The Hummingbird Project 1: First Attempts

Hummers AU11-4

Had a chance this morning to make a first tentative attempt at setting my “hummingbird” studio in motion. This “studio” involves trying to photograph hummingbirds with multiple flashes. I could only use two flashes today, because I didn’t have enough batteries for all three of my wireless receivers. The results were hardly spectacular, but were at least promising:

Hummers AU11-14

Hummers AU11-18

These are rather heavily cropped. They also suffer from a bit of available light “ghosting,” noticeable in the middle photo. There was just enough available light for a faint “ghost” of the wings to show up on the sensor. Hopefully, by adding a third flash, I can stop down a bit and take away the available light ghosting issues for good. Only possible negative is that I don’t think I can take these kinds of pictures in sunlight.

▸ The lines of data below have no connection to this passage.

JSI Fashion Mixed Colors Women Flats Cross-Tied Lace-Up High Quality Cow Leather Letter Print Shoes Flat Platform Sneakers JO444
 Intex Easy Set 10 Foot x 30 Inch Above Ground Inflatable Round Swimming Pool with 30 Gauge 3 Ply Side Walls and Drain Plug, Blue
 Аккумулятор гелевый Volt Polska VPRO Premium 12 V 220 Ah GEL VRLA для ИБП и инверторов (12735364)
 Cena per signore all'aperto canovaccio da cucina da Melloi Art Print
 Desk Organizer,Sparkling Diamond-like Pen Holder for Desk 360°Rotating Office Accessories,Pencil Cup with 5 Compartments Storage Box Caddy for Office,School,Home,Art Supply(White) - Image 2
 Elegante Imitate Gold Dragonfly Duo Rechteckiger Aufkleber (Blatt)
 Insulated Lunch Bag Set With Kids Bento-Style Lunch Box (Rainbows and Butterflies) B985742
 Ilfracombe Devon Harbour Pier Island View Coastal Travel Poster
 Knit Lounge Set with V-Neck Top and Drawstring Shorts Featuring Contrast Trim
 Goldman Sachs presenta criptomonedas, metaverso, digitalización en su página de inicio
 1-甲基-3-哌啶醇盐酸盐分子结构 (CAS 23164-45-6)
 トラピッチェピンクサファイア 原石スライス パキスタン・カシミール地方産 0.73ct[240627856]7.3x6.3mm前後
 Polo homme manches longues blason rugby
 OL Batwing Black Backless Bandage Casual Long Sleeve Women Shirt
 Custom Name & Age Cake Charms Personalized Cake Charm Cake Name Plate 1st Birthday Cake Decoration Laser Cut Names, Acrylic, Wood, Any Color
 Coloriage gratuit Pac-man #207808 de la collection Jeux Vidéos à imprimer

Using flash for photographing hummingbirds is essential if you wish to freeze the wings. Those wings move very very fast, too fast to be captured by the camera at a reasonable ISO. But if you power down a flash, the duration of the flash is so brief that it can freeze the wings. I powered both flashes to 1/8th full power, at which I get a flash duration of about 1/6000 of a second. If I get another flash into the hummingbird “studio” I can stop down the lens enough so that it doesn’t pick up any of the available light, only that which is illuminated by the flashes.

Another issue I ran into is the timidity of the birds. I was ten feet away from the feeder, and this particular heli-bird was rather nervous at having me so close. Yet I would really wish to get even closer, so I don’t have to crop so much. Six feet would be ideal. But will the birds let me get that close?